Однако главным достижением завода тех лет стал экскаватор СЭ-3 — скальный электрический, с объемом ковша три кубометра. Таких машин требовалось очень много, а после войны в стране насчитывалось лишь несколько десятков старых, преимущественно зарубежных экскаваторов. Уже к празднику 1 мая 1947 года опытный образец успешно прошел заводские испытания. Было сразу открыто массовое производство новой машины.
Скальный экскаватор ни в чем не уступал лучшим зарубежным образцам машин этого класса, а по ряду важных технических показателей опережал их. В частности, СЭ-3 был легче, состоял из таких узлов и деталей, которые позволяли вести сборку на месте, то есть изделие весом 165 тонн становилось гораздо проще в транспортировке. Упрощался и процесс производства экскаватора, схема его питания становилась более удобной и надежной. Гусеницы получили свой собственный двигатель. Это было рациональное решение. СЭ-3 показал более высокую производительность по сравнению с импортными аналогами, машина работала надежнее и дольше обходилась без ремонта.
Англичанин Артур Стоун, один из посетителей промышленной выставки 1948 года в Москве, где была представлена и продукция Уралмашзавода, записал в книге отзывов: «Три года тому назад, впервые увидев бойцов Красной Армии, я подумал: теперь понятно, почему русские победили. Сегодня, ознакомившись с достижениями советской индустрии, я мысленно повторил эту фразу».
В 1948 году Уралмаш выпустил 122 экскаватора СЭ-3 — вдвое больше, чем знаменитая американская фирма «Бюсайрус», которая специализировалась только на этих машинах. Группа конструкторов, разработавших экскаватор СЭ-3 под руководством Б. И. Сатовского, в том же году была удостоена Сталинской премии.
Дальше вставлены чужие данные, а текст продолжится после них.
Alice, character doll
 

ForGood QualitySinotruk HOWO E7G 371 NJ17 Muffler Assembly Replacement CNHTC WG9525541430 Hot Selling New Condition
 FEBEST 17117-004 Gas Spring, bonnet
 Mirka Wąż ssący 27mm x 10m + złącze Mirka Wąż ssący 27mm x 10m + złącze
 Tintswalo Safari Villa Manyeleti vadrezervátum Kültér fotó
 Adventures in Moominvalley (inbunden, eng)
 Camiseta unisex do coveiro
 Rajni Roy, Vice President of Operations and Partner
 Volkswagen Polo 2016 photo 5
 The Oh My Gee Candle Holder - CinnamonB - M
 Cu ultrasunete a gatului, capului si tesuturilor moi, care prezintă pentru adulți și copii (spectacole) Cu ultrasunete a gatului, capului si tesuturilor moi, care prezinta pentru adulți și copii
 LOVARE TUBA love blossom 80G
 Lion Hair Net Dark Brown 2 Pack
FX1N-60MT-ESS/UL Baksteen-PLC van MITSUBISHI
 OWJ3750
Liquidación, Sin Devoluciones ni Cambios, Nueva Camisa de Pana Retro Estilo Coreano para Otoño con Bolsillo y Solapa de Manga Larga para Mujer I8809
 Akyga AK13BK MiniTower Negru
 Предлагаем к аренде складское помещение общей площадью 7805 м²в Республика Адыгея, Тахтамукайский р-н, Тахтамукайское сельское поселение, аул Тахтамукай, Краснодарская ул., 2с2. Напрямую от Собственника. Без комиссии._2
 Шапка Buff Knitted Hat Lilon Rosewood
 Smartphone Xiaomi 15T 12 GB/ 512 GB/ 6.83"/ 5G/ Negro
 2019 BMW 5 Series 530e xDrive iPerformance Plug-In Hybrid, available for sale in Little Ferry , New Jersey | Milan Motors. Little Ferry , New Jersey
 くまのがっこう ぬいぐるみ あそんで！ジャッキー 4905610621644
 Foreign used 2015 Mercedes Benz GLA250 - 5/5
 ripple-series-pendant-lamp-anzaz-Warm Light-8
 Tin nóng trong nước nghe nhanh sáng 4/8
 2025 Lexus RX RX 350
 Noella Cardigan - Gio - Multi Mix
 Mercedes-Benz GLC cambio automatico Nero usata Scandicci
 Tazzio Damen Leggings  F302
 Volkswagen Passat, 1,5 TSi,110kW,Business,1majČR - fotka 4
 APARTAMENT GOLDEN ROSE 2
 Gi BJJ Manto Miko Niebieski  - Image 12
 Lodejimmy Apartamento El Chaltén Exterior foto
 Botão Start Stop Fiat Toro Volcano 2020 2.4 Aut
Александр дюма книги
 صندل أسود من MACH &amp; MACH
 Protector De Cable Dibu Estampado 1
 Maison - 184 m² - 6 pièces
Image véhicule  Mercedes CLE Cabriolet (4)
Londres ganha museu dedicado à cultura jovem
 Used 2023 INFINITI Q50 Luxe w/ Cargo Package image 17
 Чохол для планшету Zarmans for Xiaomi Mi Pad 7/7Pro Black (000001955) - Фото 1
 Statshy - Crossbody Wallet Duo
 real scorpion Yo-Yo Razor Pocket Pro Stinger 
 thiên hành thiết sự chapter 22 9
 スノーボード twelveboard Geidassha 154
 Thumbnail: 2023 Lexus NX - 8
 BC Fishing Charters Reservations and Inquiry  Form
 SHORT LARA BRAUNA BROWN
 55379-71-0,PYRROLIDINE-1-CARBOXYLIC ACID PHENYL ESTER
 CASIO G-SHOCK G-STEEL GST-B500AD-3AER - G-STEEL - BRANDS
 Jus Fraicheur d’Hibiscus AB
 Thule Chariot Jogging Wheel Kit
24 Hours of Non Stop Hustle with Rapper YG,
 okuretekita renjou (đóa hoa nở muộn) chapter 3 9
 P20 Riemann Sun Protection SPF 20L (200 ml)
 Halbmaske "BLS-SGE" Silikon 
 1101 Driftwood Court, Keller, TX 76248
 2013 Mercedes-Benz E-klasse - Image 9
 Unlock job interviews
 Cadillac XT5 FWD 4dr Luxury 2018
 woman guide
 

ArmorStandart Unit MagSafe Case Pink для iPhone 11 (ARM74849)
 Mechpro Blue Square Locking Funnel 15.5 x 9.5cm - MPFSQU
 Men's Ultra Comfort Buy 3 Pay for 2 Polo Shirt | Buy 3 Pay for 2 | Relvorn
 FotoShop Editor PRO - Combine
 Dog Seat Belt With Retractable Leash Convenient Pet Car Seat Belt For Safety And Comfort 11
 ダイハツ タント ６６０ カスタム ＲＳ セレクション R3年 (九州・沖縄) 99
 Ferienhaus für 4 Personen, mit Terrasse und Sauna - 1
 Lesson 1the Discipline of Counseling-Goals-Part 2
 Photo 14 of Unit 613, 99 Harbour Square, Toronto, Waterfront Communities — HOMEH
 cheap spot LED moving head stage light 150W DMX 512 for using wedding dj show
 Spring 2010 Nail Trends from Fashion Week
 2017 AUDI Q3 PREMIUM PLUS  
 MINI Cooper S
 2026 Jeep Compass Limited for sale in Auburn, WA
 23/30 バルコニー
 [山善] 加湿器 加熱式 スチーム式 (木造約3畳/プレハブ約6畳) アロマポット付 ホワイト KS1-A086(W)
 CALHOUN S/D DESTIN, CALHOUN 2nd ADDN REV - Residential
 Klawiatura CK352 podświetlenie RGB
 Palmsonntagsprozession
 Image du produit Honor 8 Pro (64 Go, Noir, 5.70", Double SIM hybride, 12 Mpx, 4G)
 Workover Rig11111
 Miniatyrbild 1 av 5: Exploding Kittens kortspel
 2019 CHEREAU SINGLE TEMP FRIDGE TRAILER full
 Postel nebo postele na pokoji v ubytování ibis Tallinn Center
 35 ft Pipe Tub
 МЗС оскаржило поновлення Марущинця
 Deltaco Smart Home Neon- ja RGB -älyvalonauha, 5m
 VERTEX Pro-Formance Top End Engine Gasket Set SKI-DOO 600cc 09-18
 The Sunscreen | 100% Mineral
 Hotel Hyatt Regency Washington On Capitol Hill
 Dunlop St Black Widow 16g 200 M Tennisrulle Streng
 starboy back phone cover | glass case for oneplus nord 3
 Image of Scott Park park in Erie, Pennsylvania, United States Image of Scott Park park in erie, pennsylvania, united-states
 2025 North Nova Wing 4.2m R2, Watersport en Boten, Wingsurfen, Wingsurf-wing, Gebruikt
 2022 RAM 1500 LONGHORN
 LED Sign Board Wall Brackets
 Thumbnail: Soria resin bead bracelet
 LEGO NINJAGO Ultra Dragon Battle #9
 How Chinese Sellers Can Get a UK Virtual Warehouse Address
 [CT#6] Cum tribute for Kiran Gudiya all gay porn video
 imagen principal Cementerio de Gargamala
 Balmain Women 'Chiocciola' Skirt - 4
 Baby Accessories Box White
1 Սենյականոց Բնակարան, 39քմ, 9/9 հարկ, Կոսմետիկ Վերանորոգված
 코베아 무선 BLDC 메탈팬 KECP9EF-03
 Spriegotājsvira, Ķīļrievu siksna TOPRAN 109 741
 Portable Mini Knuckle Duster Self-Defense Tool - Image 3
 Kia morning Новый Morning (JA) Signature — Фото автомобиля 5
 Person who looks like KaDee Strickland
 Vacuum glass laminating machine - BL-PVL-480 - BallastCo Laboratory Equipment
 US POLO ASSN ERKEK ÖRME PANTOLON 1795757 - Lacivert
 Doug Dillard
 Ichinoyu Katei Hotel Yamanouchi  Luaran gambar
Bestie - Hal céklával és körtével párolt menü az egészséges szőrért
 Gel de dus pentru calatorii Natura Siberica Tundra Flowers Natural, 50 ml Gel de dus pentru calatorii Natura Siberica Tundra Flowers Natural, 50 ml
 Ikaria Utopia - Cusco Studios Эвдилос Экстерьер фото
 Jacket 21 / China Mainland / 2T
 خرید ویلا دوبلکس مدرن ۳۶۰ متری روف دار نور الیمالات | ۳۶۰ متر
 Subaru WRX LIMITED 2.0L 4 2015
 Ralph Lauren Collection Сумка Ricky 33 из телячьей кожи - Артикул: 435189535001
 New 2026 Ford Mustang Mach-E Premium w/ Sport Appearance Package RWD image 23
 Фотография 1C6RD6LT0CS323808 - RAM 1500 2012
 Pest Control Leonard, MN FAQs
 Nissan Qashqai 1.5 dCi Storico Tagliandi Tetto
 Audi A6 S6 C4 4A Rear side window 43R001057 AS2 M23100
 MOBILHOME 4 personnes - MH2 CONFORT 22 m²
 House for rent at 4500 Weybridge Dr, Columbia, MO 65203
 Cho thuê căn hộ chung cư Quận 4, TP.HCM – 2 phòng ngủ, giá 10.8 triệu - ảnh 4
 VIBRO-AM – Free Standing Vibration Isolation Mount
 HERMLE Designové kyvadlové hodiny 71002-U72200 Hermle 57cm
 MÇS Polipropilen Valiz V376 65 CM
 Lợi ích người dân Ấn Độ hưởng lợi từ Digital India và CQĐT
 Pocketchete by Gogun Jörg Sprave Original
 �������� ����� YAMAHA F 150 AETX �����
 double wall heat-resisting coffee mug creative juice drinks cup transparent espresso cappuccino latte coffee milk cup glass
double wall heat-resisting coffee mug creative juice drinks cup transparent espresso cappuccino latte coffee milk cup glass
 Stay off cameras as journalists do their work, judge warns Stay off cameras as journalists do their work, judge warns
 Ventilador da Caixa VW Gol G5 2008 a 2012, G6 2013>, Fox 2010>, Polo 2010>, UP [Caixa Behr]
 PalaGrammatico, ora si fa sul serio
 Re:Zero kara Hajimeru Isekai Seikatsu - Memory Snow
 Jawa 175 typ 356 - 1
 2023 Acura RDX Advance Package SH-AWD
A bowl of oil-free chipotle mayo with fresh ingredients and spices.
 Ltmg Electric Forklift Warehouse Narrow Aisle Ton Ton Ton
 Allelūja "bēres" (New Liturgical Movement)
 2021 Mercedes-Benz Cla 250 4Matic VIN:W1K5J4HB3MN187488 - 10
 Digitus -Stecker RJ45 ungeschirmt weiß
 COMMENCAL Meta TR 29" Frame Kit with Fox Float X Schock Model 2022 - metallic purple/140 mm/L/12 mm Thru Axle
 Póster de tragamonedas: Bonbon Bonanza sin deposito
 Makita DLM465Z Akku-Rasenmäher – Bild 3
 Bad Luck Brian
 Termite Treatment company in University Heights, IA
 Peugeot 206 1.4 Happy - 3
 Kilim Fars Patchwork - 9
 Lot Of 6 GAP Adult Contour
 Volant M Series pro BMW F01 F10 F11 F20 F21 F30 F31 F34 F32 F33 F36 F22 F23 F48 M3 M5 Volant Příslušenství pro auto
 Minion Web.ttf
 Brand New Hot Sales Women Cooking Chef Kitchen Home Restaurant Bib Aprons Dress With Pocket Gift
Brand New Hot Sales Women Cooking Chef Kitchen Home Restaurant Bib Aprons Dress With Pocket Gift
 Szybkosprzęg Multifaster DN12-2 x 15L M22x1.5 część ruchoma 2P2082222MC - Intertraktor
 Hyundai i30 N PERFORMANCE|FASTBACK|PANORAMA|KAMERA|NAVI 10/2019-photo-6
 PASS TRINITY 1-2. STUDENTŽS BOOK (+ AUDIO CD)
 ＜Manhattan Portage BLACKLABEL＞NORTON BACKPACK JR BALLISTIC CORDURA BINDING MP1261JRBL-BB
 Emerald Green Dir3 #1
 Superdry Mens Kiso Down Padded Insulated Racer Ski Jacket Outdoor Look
Такую же награду получили и разработчики буровых установок — завод изготовлял триста этих сложных агрегатов в год. А создатели нового рельсобалочного стана стали лауреатами самой высокой премии страны чуть позже, в 1950 году.
Борис Глебович Музруков узнавал о радостных событиях на Уралмаше уже заочно — из газет или по радио. В 1947 году, поздней осенью, его работа на заводе, ставшем для него родным и близким, была прервана. Внезапно и навсегда…
Успешное завершение 1947 года не вызывало сомнений. Задания на следующий год становились более сложными, объем работ возрастал. Для коллектива Уралмаша, для его директора такая постановка дел была в порядке вещей. Но за пределами завода лежала огромная страна, и перед ней вставали новые, неожиданные и очень тяжелые задачи.
Из воспоминаний С. И. Самойлова: «Настали последние дни ноября 1947 года, месяца, как известно, нелегкого в деятельности промышленных предприятий. Это и начало зимы с ее дополнительными заботами, это и праздничные дни, которые нас всех, конечно, радуют, но уменьшают количество рабочего времени. Это, наконец, пора напряженной подготовки к началу будущего года.
В тот день во второй его половине у Бориса Глебовича было совещание, на котором обсуждалась готовность Уралмаша к выполнению задач 1948 года. Рассмотрение перспектив закончили около четырех часов дня. Часов в пять, было еще не темно, на моем пульте вспыхнула лампочка вызова по телефону директора. Борис Глебович спросил, чем я занят, и затем сказал: “Зайди ко мне”. Я вошел в кабинет, он прохаживался возле своего письменного стола — обычная его манера, когда он о чем-либо сосредоточенно думал.
Увидев меня, он остановился, посмотрел внимательно и, как бы раздумывая, медленно сказал:
— Только что звонили из ЦК партии и предложили завтра быть в Москве, в ЦК.
Нам — директору и главному инженеру — конечно, приходилось бывать в аппарате ЦК, но вызов туда обычно передавали через наше министерство. Насколько я помнил, прямого вызова в ЦК до этого не было.
На мой вопрос о цели вызова Музруков, пожав плечами, ответил, что ему об этом ничего не сообщили, однако он думает, что, по-видимому, дело в каком-то новом особо важном задании. Поговорив немного на эту тему, мы перешли к заводским проблемам и вопросам, которые следовало бы выяснить или решить в Москве, после окончания дел в ЦК. Затем Борис Глебович вызвал дежурную секретаршу и продиктовал ей приказ о своем выезде в командировку. Ни он, ни я в то время не могли предположить, что это — последний приказ, подписанный на Уралмашзаводе директором Музруковым. На следующий день рано утром Борис Глебович улетел в Москву».